You should've studied data science
Financial services firms, including hedge funds, proprietary trading shops and even mutual funds, are falling all over themselves to hire talented artificial intelligence (AI) and machine learning experts, data scientists, programmers/developers/coders and quantitative traders. There is plenty of competition for such talent. Top candidates are in control.
Adam Zoia, the founder and CEO of Glocap, a recruitment firm, said that the big new trends he’s seen are artificial intelligence and data science coming into serious demand on Wall Street.
“AI and data science are being used more across the financial services industry in the context of making better business decisions and which stocks to go long on or short,” Zoia said.
For many of the positions firms are looking to fill, data analysis is a better description than quant. At the non-quantitative fundamental hedge funds, data analytics specialists are informing investment decisions for the traditional portfolio managers.
“There’s a lot of hiring going on there,” Zoia said.
“We see a big uptake in interest in data science and the machine learning space,” agrees Victor Tang, a senior associate of quantitative analytics and risk in the financial services practice at The Execu|Search Group, a recruitment firm.

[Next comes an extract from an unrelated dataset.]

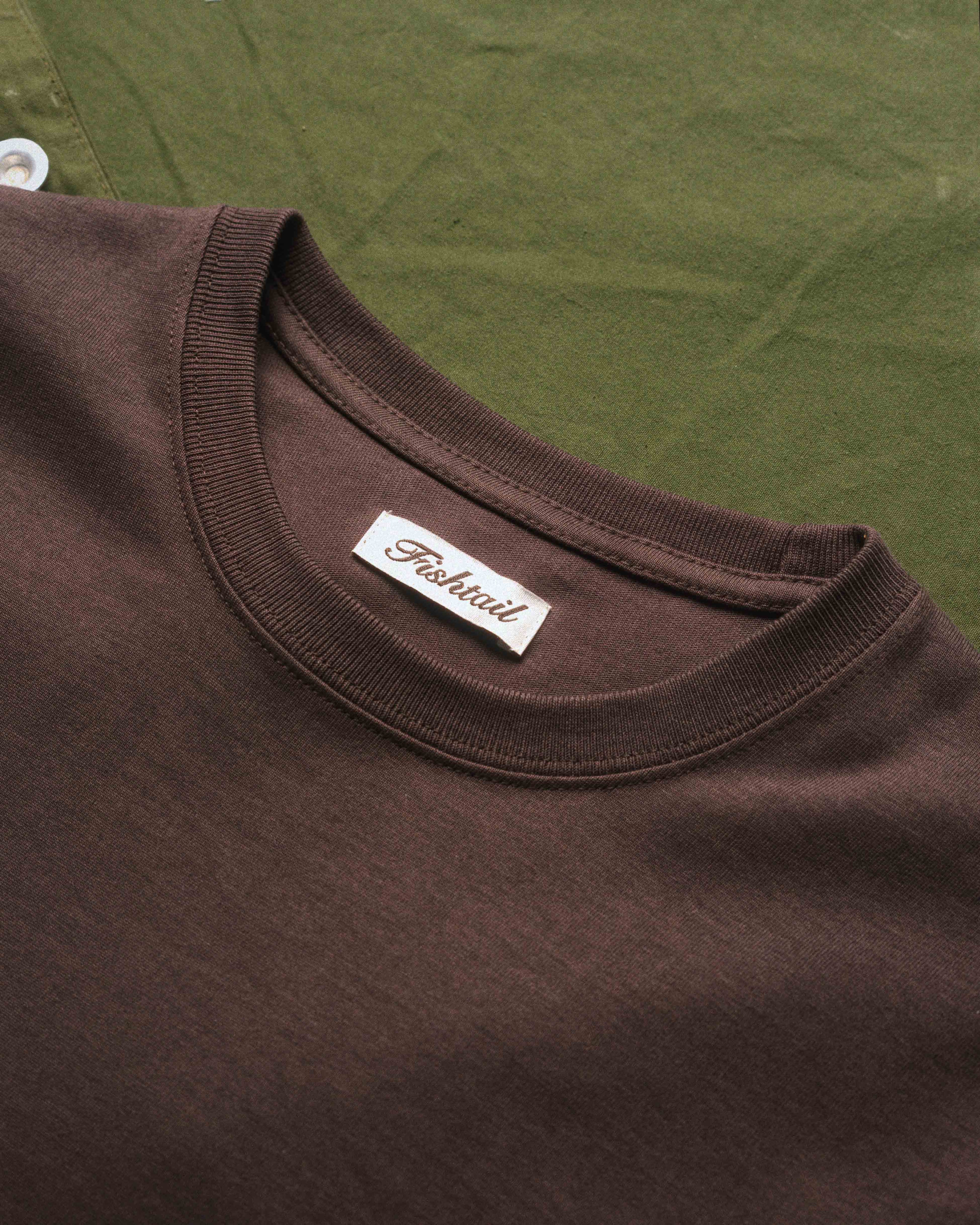 Deck long sleeve - brown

He says most firms prefer candidates with a Ph.D. in statistics, mathematics or computer science. “A lot of successful candidates have heavy programming skills – most Ph.D.s have experience working in C++ and the Python environment. It used to be Matlab, but now most firms are using Python.”
Hedge funds will also hire candidates right after graduation. Tang said Two Sigma recently hired a candidate with a Ph.D. from Princeton and internships at Google and Apple at a hefty starting salary.
The pay in data science is huge
“If a candidate’s got a Ph.D. in the right subject from Stanford or Yale and internships at Apple and Google or another Silicon Valley giant, they’ll get an offer in the $350k range right off the bat,” Tang said. “Most of these go back to the type of research that they’ve done, which machine learning especially in demand.
“Some do statistical analysis, data processing or imaging, but with the right type of research, hedge funds will generally make a standard offer between $300k and $400k all in for recent Ph.D. graduates,” he added
It's not just hedge funds
Nor is it just hedge funds that want data people: long only funds and venture capital funds are chasing them too.
Traditional long-only asset managers such as mutual fund firms are targeting this same pool of fintech and quant talent. Traditional fundamental asset managers are particularly interested in hiring data scientists, said Reshma Ketkar, director and the head of the long-only investment professionals recruiting practice at Glocap.
“These data scientists are responsible for gleaning insights from big data and acting as another input into the investment process,” she said. They are not writing trading algos and they are not replacing human jobs."
These traditional asset managers still invest based upon a fundamental view on the company, considering cash flows, valuations and the effectiveness of the management team, among other factors, but the data scientists are tasked with finding information that could be additive to the investment process, Ketkar said.
Fund firms such as AllianceBernstein, Fidelity and Goldman Sachs Asset Management have all hired data scientists as a supplement to their investment teams. An increasing number of fundamental hedge funds are also considering such a structure.
“The trend for data scientists crosses historically quant trading hedge funds and fundamental investment firms,” Ketkar said. “They all want data scientists, but on the fundamental investment firm side, they are an input rather than the main drivers of the investment process.”
There has also been plenty of recruitment action on the quant side of the asset management business – the programming languages that are in demand include Python, C++ and C#.